Rehberg also denied that school building would end up being privatized. "No, that's wrong," he said. "We're creating a fund of 3.5 billion euros ($3.9 billion) for school renovations. That has nothing to do with PPPs."

Extra help for small states

Rehberg's explanation for the constitutional alteration sounds reasonable. "Smaller states are not able to administer larger projects. They cannot organize building rights, renovation, and maintenance within a reasonable amount of time," he said. "We have massively increased investment infrastructure, and we want to invest even more, and shorten planning times."

Bundestagsabgeordneter Eckhardt Rehberg (picture-alliance/dpa/B. Wüstneck)

Rehberg insisted that the autobahns could not be privatized

But Wassmuth didn't think much of this. "PPPs are a type of privatization, in which private investors provide the money in advance, but then demand returns," he said. "Everything has to be paid back, including interest, from the public coffers."

Germany's Federal Audit Office once concluded that roadbuilding projects involving PPPs end up costing the state an average of 20 percent more, because of the profits that private companies require.

Objections among civil society organizations and the public have grown.

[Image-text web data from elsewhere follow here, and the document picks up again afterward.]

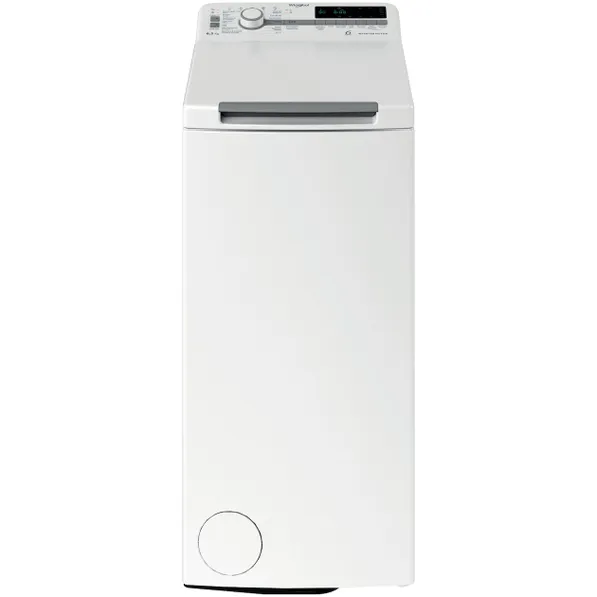 Expert Whirlpool TDLR 65251B BE Wit aanbieding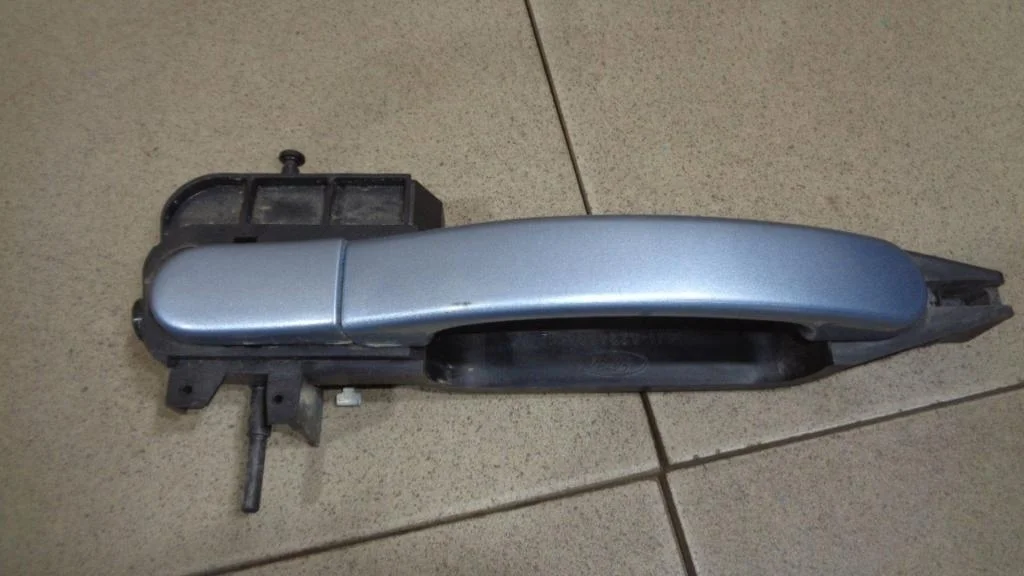 Ручка двери передней наружная правая Ford Fusion CBK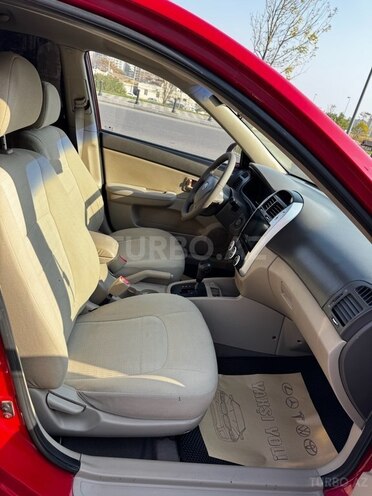 Kia Cerato 2008, 148,000 km - 1.6 l - Bakı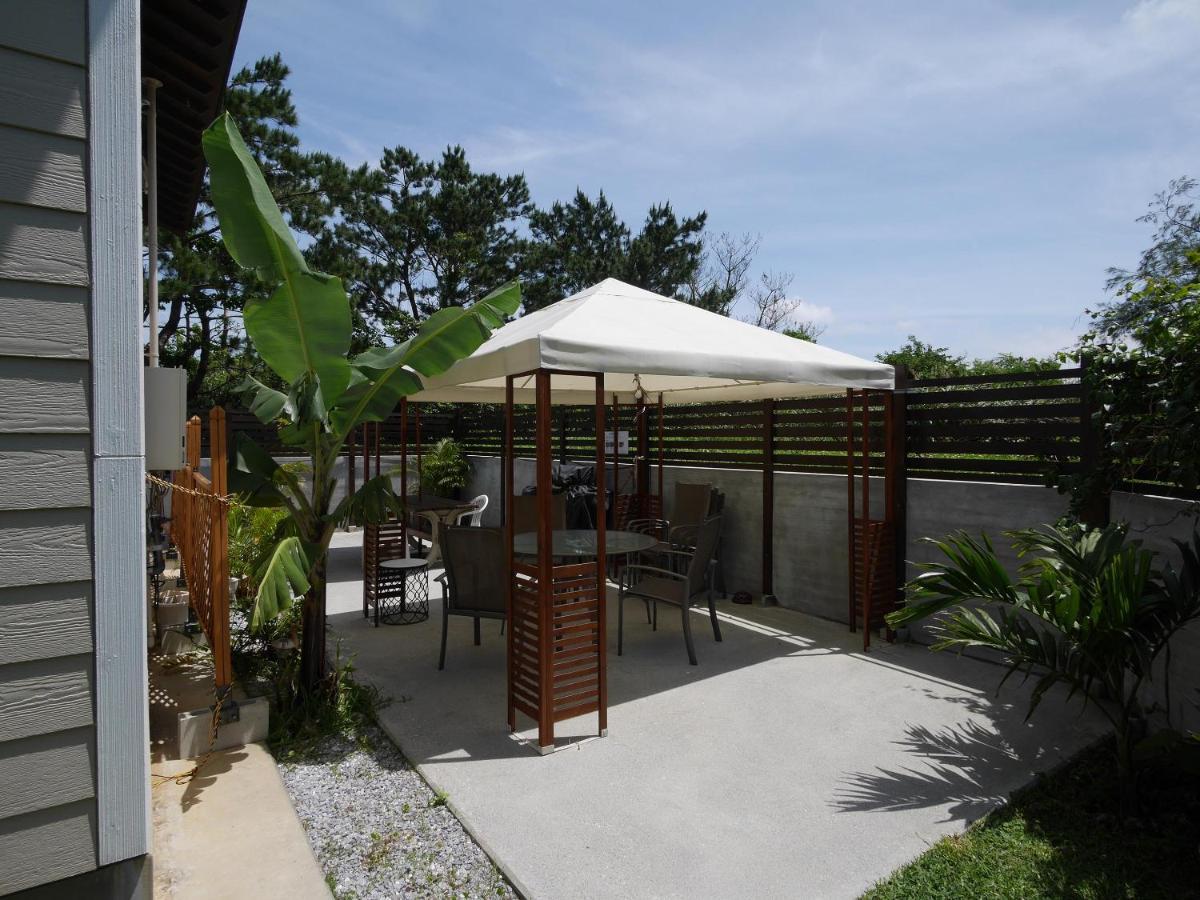 Private Vacation Villa Kohola Motobu Kültér fotó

And an online petition, organized by GiB, has collected over 100,000 signatures, with protests and press conferences planned in Berlin throughout the week.

Both of Germany's parliamentary opposition parties, the Greens and the Left party, have vocally protested the plans. Two of its prominent members took to the Frankfurter Rundschau newspaper on Monday to decry all the loopholes in the law that would allow privatization in the future - not least because, if the CDU wins September's election and is elected with its preferred Free Democratic Party (FDP) coalition partner, it will be in a position to vote through necessary measures in the future.